しかし、顧客の中に「〇〇といえば△△」という認識で自社の商品が確立されていれば、そもそも他社と競争するまでもなく、勝てる領域に位置していることになります。
顧客のイメージの中で「朝といえばワンダモーニングショット」というポジショニングができたことにより、他社は「朝といえば…」の領域に参入することが難しくなりました。
もし参入したとしても、「朝はコレ!」という顧客の中のポジショニングを自社へすり替えるには、相当のインパクトが必要になります。
ポジショニングを確立することができれば、その領域を独占することができ、他社の動きに振り回されずに冷静な意思決定をすることができます。

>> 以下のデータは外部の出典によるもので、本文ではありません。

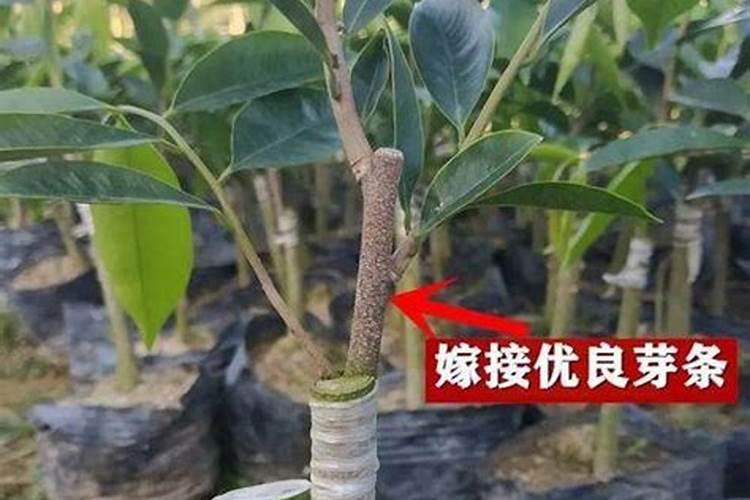 沉香树苗适合在哪里种植沉香树适合在哪里生长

他社との競争において『戦わずして勝つ!』を可能にするため、ポジショニングは大変重要です。
3.費用対効果の側面
自社の活動領域と狙う顧客が定まったら、そこできちんとポジショニングできるか?という点を検証することで、リスクを減らし、費用対効果を高めることができます。
ワンダモーニングショットが、朝という領域でサラリーマン・OLをターゲットに絞ったことは、そこに重点的にアピールをすることで、自社のポジショニングが獲れると踏んだからです。

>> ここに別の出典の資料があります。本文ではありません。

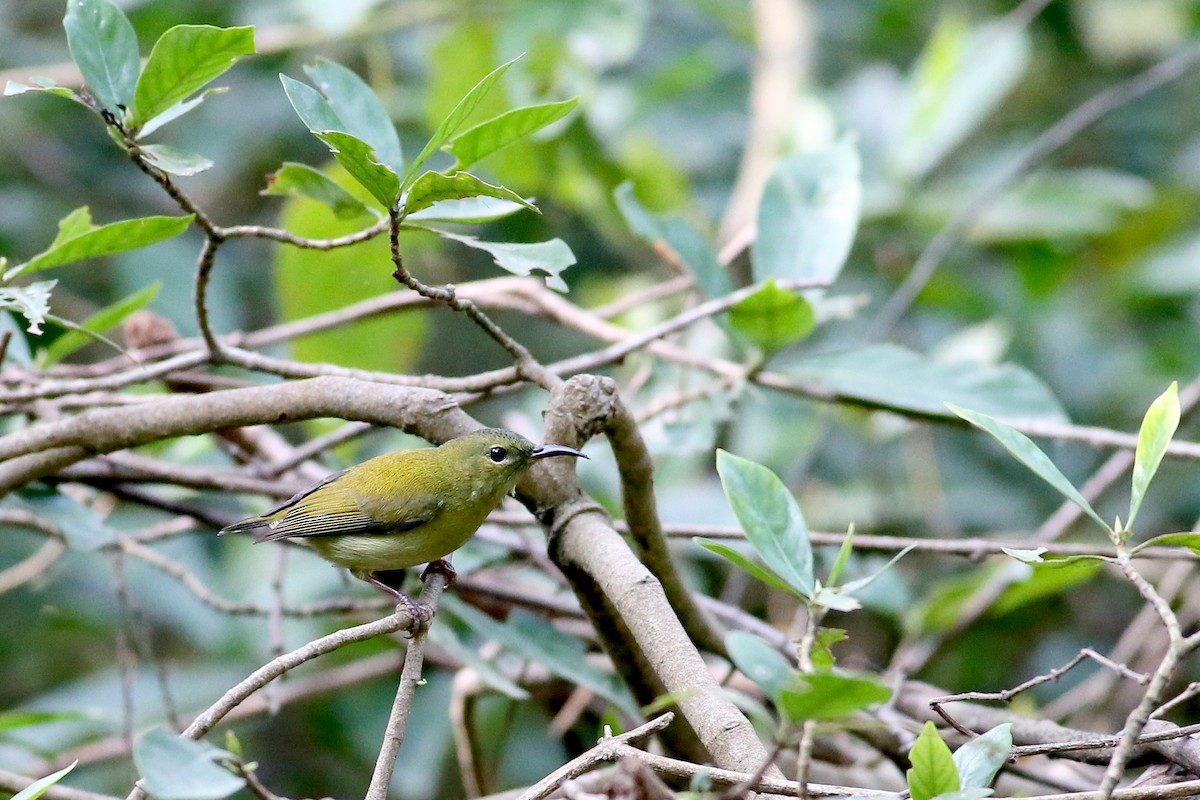 Fork-tailed Sunbird - ML39950021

そのポジショニングを確立するため、ターゲットに特化した広告を打ちました。
スーツを着た男性と女性のCMを想像できる方も多いことでしょう。
サラリーマンやOLが利用する電車の中吊り広告に投資したり、早朝と夜の時間帯に集中してCMを流すなど、ターゲットに合わせた場所で広告活動を行うことにより、無駄なく効果的にアピールをすることができ、売上・利益の増加に繋がりました。

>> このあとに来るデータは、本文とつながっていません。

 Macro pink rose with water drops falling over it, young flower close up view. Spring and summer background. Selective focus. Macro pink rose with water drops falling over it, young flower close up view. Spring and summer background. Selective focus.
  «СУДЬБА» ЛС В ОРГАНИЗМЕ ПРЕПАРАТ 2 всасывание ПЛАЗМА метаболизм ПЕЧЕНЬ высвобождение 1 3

費用対効果の面においても、ポジショニングを確立することは重要であるといえます。
ポジショニングマップの活用

ポジショニングマップとは
ポジショニングを検討する際に活用するフレームワークとして、ポジショニングマップというものがあります。
これは、市場において自社がどこに位置するかを客観的に知るために活用する場合と、これから市場でどのポジションに位置するかを決める場合の、ふたつの活用方法があります。
いずれにしても戦わずして勝てる市場の穴場を探すものであり、競争優位な立ち位置をとるために行うフレームワークです。
ポジショニングマップの活用手順
ポジショニングマップを活用する際の手順は、以下の通りです。
1.縦軸と横軸の設定
まず、顧客が商品やサービスを購入する際に重要視する要因を、縦軸と横軸で組みます。
この縦と横は、類似した要因にならないように注意が必要です。
例えば縦軸を「価格」、横軸を「品質」で選んだとします。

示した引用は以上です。